This past year has been distinctive for me in many ways, not the least of which is the fact that the angel of death has taken away too many people from my life. As the English poet John Donne once said – “Each man's death diminishes me, For I am involved in mankind”.
Some of these have been what I call “virtual friends”, and by that I mean people that I may not have known personally, but who still nonetheless were important to me for cultural, traditional, emotional or philosophical reasons. The prime example of these have been the tens of thousands, and perhaps even hundreds of thousands of Ukrainians that have died at the hands of brutal and barbaric Russian invaders. I may not have known or met them personally, but their untimely departure from this earth has been painful to bear. Had historical circumstances been a little different, I too might have become a tragic victim like them. Their deaths have diminished me, and also regrettably, my faith in mankind to a significant degree.
Then, too, there has been no shortage of people that I have known personally prematurely “shuffling off their mortal coil”. The latest of these was Steve Andrusiak, whose funeral I attended last week. Steve is probably best known for being one of the founding members of the Ukrainian band Rushnychok, that dominated the Ukrainian music scene for over a decade in the 1970s and set the standard for all the many Ukrainian bands that followed. Rushnychok provided the musical soundtrack to my generation of Canadian-born Ukrainians growing up in Canada.
Although well remembered for his musical talents and achievements, Steve was multi-dimensional when it came to his creativity. He had a distinguished career in Canadian broadcasting, working for both the CBC and CTV in many different roles ranging from reporter, producer, director and manager. In the latter part of his life, he became an academic, teaching courses in media and journalism at Fanshawe College in London. Towards the end of his phenomenally productive life, Steve turned to producing radio podcasts focusing on the many aspects of Ukrainian life in Canada. I collaborated with Steve on some of these, and I have many fond memories of traveling with him through northern Ontario and Quebec, visiting the remote Ukrainian communities there, doing research and collecting interviews for the podcasts. He was a thoughtful man, a deep thinker, and dedicated both to his craft and to following the advice of another icon of the Canadian Ukrainian music scene, Ron Cahute, when he said, “Stay Ukrainian, my friends!”
Ron Cahute was another of those cultural giants who left his mark on both me personally and many of my generation. His prolific legacy of music is one that is not likely to be repeated for a long time to come. For Ukrainians, music is a necessity of life like the food we eat and air that we breath. Ukrainian music is not just entertainment. In our music, you will find our history, our religion, our hopes and dreams and our love for life. Ron’s musical creations and performances became a fundamental part of what it meant to be Ukrainian for most of my life. I had the good fortune of knowing Ron personally and cherish the many conversations and laughs that we shared over the decades.

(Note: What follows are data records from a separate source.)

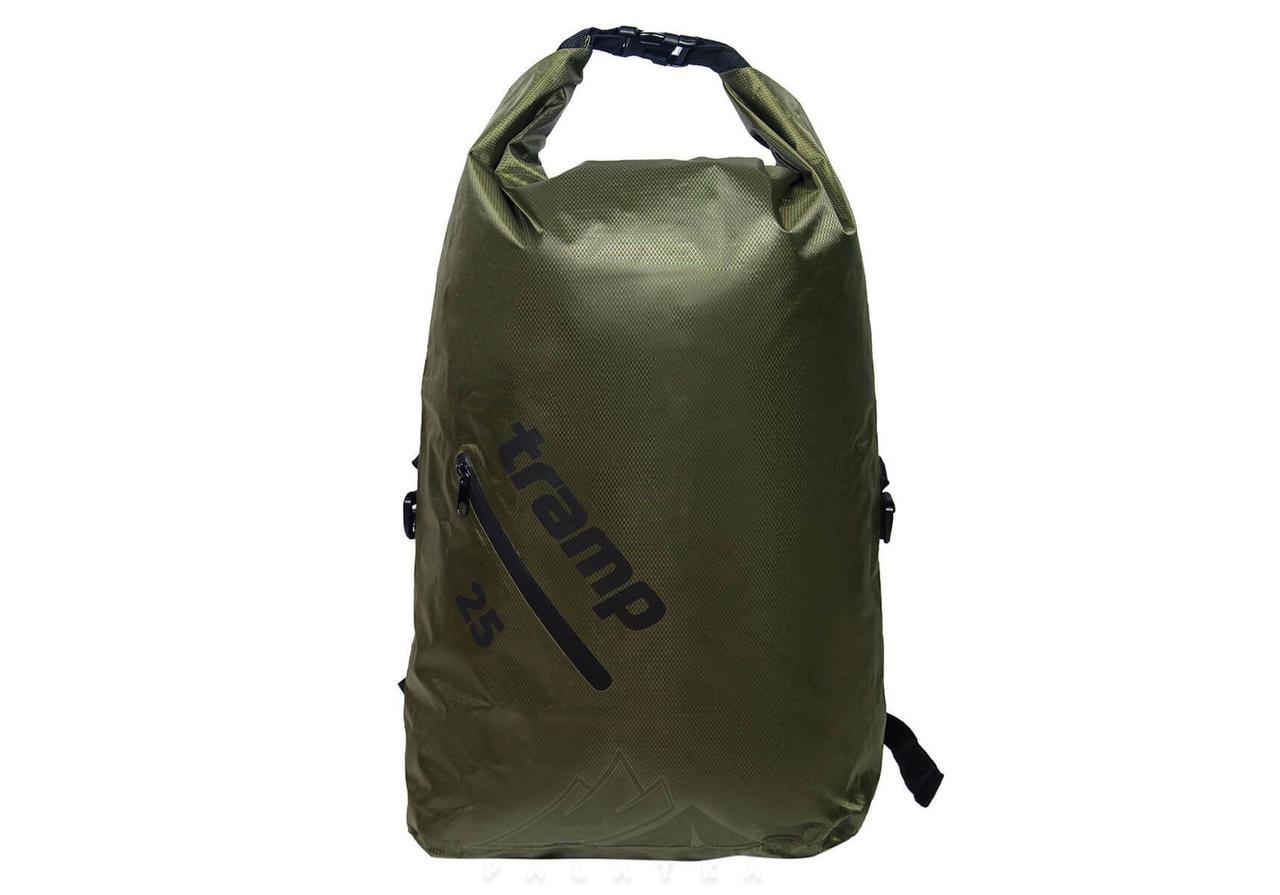 Рюкзак герметичний гермомішок Tramp Diamond Rip-Stop 40 л TRA-257 olive (SH008912), фото 1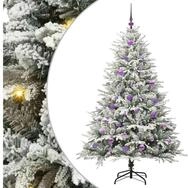 vidaXL K&uuml;nstlicher Weihnachtsbaum K&uuml;nstlicher vorbeleuchteter Weihnachtsbaum...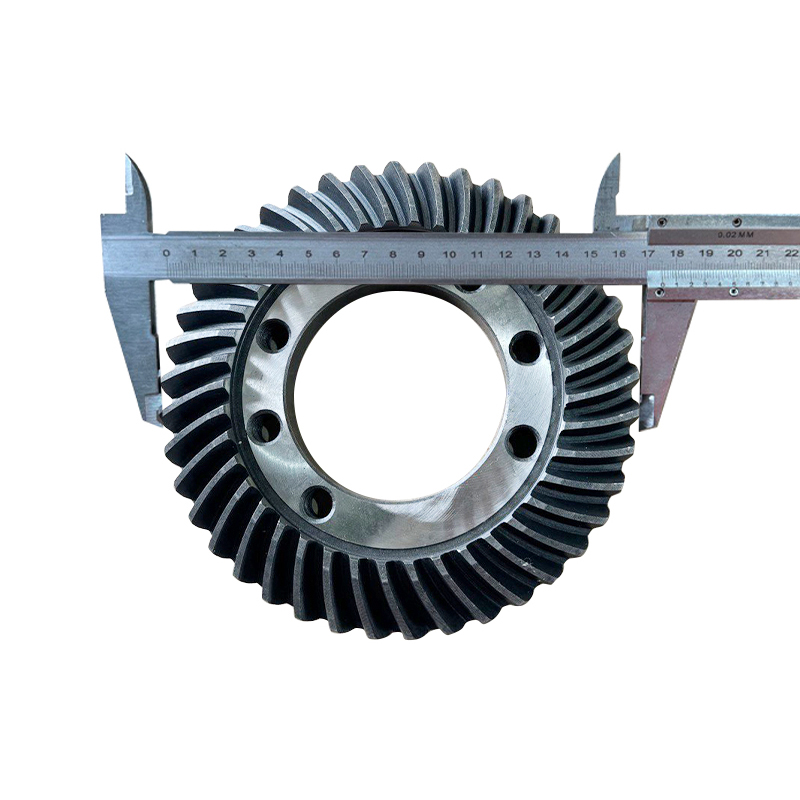 Шестерня коническая ведущая/ведомая заднего моста Уралец 224 /Xingtai 224 (10/41Т; L=325 мм.)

There are others that I have said goodbye too over the past year that may not have been as well known as Ron and Steve, but who’s passing also left a significant void in my life. One of these was Walter Maceluch. He was someone who also contributed much to the Ukrainian community, working mostly in the background though within the Ukrainian National Federation. In particular he was one of the trio that included myself and Les Salnik, that took on the daunting task of rescuing and rejuvenating the New Pathway newspaper at the turn of the millennium when it was in serious danger of closing down after some seventy years of continuous publishing. Thanks to his efforts as well as a few other key individuals, the paper continues to publish and incidentally provides me with a platform for my weekly op-eds.
There were other funerals too that made this past year memorable, though obviously not in a way that I would have wished. It is a reminder that our brief lives on this earth are not to be taken for granted or frittered away. Above all, take the time to appreciate the value that good friends inject into your life. Good friends and good experiences are the only treasures truly worth collecting during our lifetimes.